The sources Naqsh uses are in fact very diverse. One sees not only the impact of Mughal work, and of European masters, such as those I have just named, but also that of pre-Islamic Indian sculpture – in particular the erotic reliefs on the temples of Khajuraho,Puri and Bhuvaneshwar, which were created between 950 and 1150 c.e. Clearly what attracted him to these was their celebration of the female body. Naqsh’s paintings of female nudes have an extraordinary, quasi- sculptural plasticity, so much so that they almost seem to invite one to touch them.
One of the things that one learns from this series of nudes is that Naqsh’s attitude to his artistic sources is non- hierarchical. He sees the works of art that interest him as things-in-themselves, outside the framework of conventional art history. This makes him an important forerunner: he arrived at the philosophical and aesthetic position we now describe as ‘Post Modern’ long before most of his colleagues and rivals in the West.
As this exhibition demonstrates, Naqsh’s work has long tended to develop in series, though the themes on occasion overlap. In Pakistan he is probably most loved for his images of pigeons, or of women and pigeons combined. These birds have a deep personal meaning for him. As a child, he saw them flying in and out of the courtyard of the family house. In personal terms, they offer a nostalgic glance backwards – a glimpse of the familiar, the domestic, the soothing - of the pleasures of traditional family life, snatched away from him by the trauma of his mother’s early death, followed by the violence of Partition.

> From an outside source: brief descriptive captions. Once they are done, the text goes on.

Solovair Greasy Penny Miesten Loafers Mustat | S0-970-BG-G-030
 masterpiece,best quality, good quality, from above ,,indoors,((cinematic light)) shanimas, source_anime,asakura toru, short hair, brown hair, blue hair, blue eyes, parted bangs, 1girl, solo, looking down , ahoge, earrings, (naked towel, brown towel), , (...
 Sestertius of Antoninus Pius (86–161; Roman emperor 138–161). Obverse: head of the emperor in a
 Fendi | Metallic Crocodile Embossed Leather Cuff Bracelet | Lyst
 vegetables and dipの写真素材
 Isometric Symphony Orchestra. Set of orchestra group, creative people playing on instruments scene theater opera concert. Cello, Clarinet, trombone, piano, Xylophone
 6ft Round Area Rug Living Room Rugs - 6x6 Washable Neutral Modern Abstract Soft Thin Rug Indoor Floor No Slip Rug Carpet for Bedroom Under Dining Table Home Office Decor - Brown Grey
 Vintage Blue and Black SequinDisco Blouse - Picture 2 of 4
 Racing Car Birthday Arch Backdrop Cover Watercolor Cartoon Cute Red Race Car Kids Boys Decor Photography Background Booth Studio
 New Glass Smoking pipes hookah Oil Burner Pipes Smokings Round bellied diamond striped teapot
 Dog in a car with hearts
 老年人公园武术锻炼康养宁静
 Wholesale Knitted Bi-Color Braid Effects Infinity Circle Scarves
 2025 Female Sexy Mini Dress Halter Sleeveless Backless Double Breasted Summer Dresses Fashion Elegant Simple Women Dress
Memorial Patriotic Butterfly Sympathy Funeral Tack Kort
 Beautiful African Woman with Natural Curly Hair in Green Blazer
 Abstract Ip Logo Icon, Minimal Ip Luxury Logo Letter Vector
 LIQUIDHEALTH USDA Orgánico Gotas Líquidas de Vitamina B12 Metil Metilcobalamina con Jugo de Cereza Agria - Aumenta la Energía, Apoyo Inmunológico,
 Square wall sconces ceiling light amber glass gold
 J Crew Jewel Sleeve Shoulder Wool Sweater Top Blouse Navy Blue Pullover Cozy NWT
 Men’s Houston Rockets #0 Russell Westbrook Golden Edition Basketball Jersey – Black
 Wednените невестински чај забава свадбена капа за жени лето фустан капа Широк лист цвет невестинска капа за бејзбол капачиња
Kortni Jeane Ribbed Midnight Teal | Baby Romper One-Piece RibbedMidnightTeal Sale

They also, however, refer to a deeply romantic element in the tradition of the art of the Indian subcontinent, specifically the art forms associated with the princely courts of the Mughal epoch, both Muslim and Hindu. This comment applies not only to art, but other, non-visual forms of artistic expression, such as poetry and music. The ghazal poetry of the great 19th century Urdu poet Mirza Ghalib, known to Urdu speakers throughout the world, has had a particular influence on Naqsh’s work. One striking feature of poems in ghazal form is that their over-riding subject is love. Each is the representation of a particular emotional moment. This is also true of those paintings by Naqsh where images of women and pigeons are combined. The pigeons are, in this case, the secret messengers of love.
This particular group of images may help to explain Naqsh’s decision to become a recluse, at a time when he might be enjoying his considerable celebrity, in Pakistan and elsewhere. It is not that he wholly rejects the world outside. He reads newspapers and books, he watches the news on television. He is interested in music, literature and philosophy. Yet he also feels a need to listen tranquilly to the inner voices that guide his work. What happens in his head eventually gives birth to the images he allows us to see.